The contracts entered into between the parties in this case contained a general provision regarding disputes and arbitration. The arbitration provisions in the contracts contained the following caveat:

MOA's contracts with both Valley and Federal contained the following provision:


"Should there arise between the Company, the Union or Company employees, individually or collectively, any dispute, difference, disagreement or grievance of whatever kind or nature, it shall in no event be the subject of lock-out, strike or work stoppage. Instead, such dispute or grievance shall be initiated within sixty (60) days and adjusted in the following manner:

(a) Representatives of the Company and the Union shall meet and honestly endeavor to adjust, compromise, or settle said grievance. If a mutual agreement can be reached in this manner it shall be binding upon the Company, the Union and the employees of the Company.

(b) If the matter cannot be satisfactorily adjusted through the means provided in (a) above, it shall be referred to a panel of arbitration for a decision which shall be final and binding upon the Company, the Union and the Company employees. There shall be a panel of three arbitrators, one to be designated by the Company, one to be designated by the Union, and a third or impartial member of the panel to be selected by the first two. If the first two cannot reach an agreement as the impartial arbitrator, the third member of the panel shall be designated by the presiding Judge of the District Court for the District within which the agreement is executed.

The parties shall equally bear the expense of the arbitration proceedings and the impartial arbitrator.

Refusal of either party to submit to or appear at the grievance procedure at any stage, or failure to comply with the final decision, then, in that event both parties shall be free to pursue any other means at their disposal to support their contention.
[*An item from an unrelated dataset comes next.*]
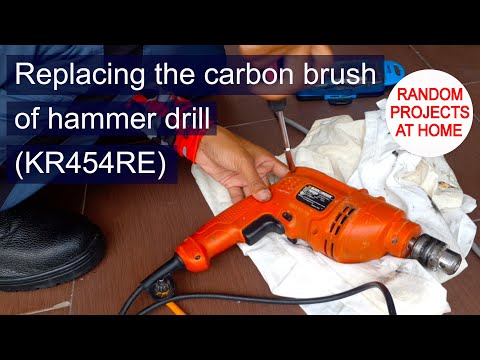 Project: Replacing the carbon brush of hammer drill (Black+Decker)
This shall include, but not be limited to, the right of the Company to lock out its employees and the right of the Union to strike."
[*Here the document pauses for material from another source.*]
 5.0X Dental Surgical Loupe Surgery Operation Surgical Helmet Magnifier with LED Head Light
Refusal of either party to submit to or appear at the grievance procedure at any stage, or failure to comply with any final decision, then, in that event both parties shall be free to pursue any other means at their disposal to support their contention. This shall include, but not be limited to, the right of the company to lock out its employees and the right of the union to strike.

(emphasis added). This provision clearly left both the companies and MOA the option to refuse to arbitrate. When this caveat is read in the context of the entire arbitration provision, it is clear that the parties had only a general agreement to discuss their differences. This type of agreement is not sufficient to compel arbitration. See Brown, 365 F.2d at 658.
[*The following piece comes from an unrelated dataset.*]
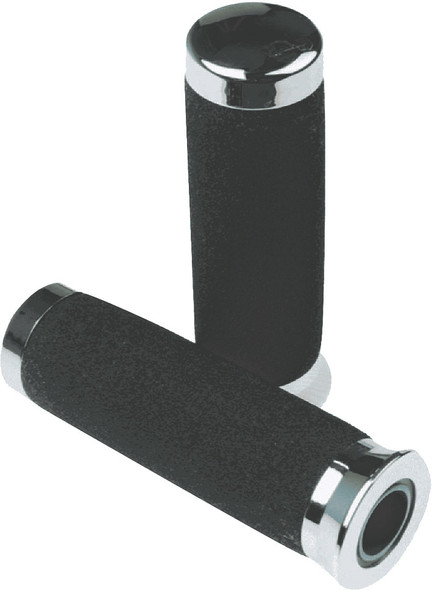 Grab On Deluxe Chrome End Grips 6-1/4" X 7/8" Mc317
MOA asks us to read this "opt-out" provision out of the contract because it violates public policy, and because its inclusion in the contract was a mistake. Contrary to MOA's first assertion, it is not against public policy to allow employers and unions to enter into collective bargaining agreements which provide means other than arbitration for negotiating labor disputes, nor does it violate public policy to hold parties to their agreements. As to the second assertion, courts of law do not sit in order to save parties from their contractual mistakes. Further, we daresay that the "opt-out" provision of the contract would not have been characterized by MOA as a mistake had the shoe been on the other foot in this case.

We hold that the district court did not have jurisdiction to hear this case, and the court should have granted the defendants' motion to dismiss for lack of subject matter jurisdiction. Accordingly, we affirm.